Subject: Re: CBS Interview With Warren
Lots of economists think we'd better off taxing consumption, which is the enemy of productive investment, rather than taxing income, which is the friend of working hard to be productive. Is there any particular reason to think Tariffs are a worse way to do that than is a VAT or a national sales tax?

The ideas are similar.

First, a bit of background:

I believe the US is the only OECD country without a national sales tax or value added tax. I think the next biggest economy in that situation is Hong Kong.

Governments do need tax, and the best tax is the one that hurts and distorts the economy the least and is not too expensive to collect and enforce. (Jean-Baptiste Colbert's maxim: the art of taxation consists in so plucking the goose as to obtain the largest possible amount of feathers with the smallest possible amount of hissing) The last few centuries have shown that a value added tax (one of the variants) is the best for that. The US has a modern economy and a nineteenth century tax system, which is really the main reason for the generally huge deficits: the current tax system just isn't structured in a way to balance the books without breaking a lot of stuff (too much hissing in some quarters, so it can't be balanced). A national sales tax is badly needed, but good luck getting re-elected after introducing one.

As to the question you raise:

So, is a broad set of tariffs the same thing? It's similar. To a first approximation a broad set of tariffs is a sales tax, but applied only to foreign goods, so it discriminates against those in favour of locally produced goods. So, at the first level it sounds like a good idea. The problems show up in the second and third order effects, which are in this case dominant. Other countries will tend to do the same, for a variety of good and bad reasons. Global trade as a fraction of GGP will fall a lot, a little if the other countries don't join in, a lot if they do. Aggregate global wealth will fall a lot, since division of labour is the cause of virtually all wealth above subsistence: it's not something you want to reduce. At the extreme, imagine personally making everything you and your household consumes. So, the pie will be smaller, and countries will be left fighting over the shrinking pieces. Pretty much everyone is worse off. Smoot-Hawley didn't cause the great depression, but the massive global rounds of tariffs and the concomitant 65% collapse of world trade sure made it broader and deeper and longer lasting.

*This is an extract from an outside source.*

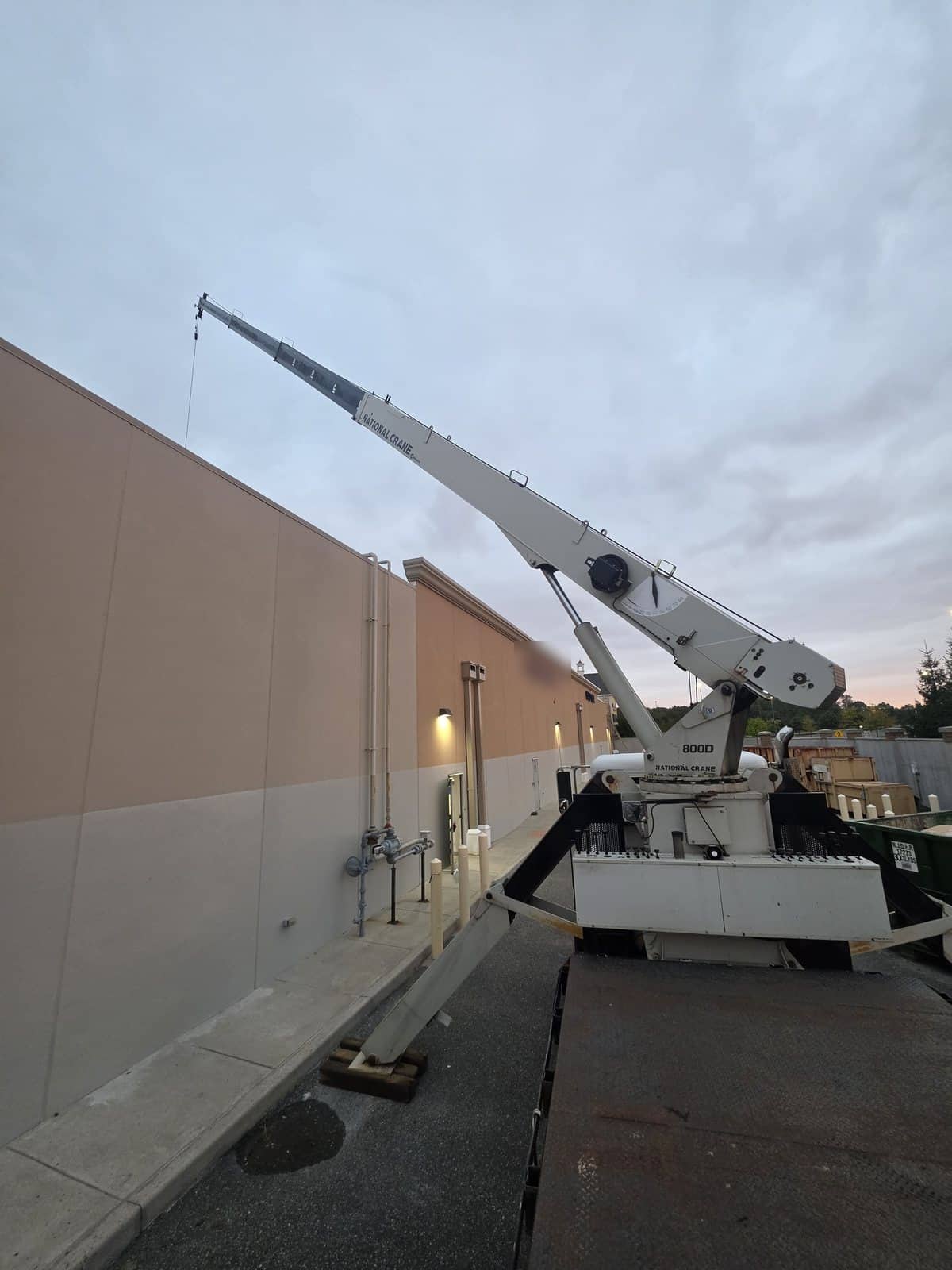 Steedle truck crane at sunrise on an RTU swap in Gloucester Township, NJ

The key observation is that there are lots of things that make no sense to produce in the US; the law of comparative advantage is the one best example of a conclusion from economics that is simultaneously true, non-obvious, and very important. To summarize, for those not familiar with the idea: imagine two countries, A and B. The only two products are wine and cheese. Both countries produce both items, and the products of both countries are considered equivalent. Everybody likes to have some of both. Country A is 20% more productive at making wine than country B, AND is 50% more productive at making cheese than country B. The non-intuitive but demonstrably true result is that if country A focuses mainly on making cheese and country B focuses on making wine, and they trade with one another, BOTH countries are better off. Even though country A is better at everything.

Like anything, you don't want to go to the extreme: efficiency is the enemy of resilience. A resident of country A would not want to be importing 100% of the much-desired wine, as something could happen to the supply chain and you'd get thirsty. But a *focus* on importing wine from countries with a comparative advantage in winemaking (but not necessarily an absolute advantage) will make everybody better off. The resilience argument: If you imagine a country of whose exports crude oil makes up over 80%, you can see that some modest carefully selected tariffs are probably not such a bad idea to promote the relative importance of whatever their second largest export is. It could be an aid to diversification and resilience, if not efficiency. Perhaps an export subsidy on the second and third largest categories of export would be a better idea, but export subsidies are frowned upon even more by places that compete in that same marketplace. If the end user's price goes below the producer's cost of production, that's the (original, meaningful) definition of dumping.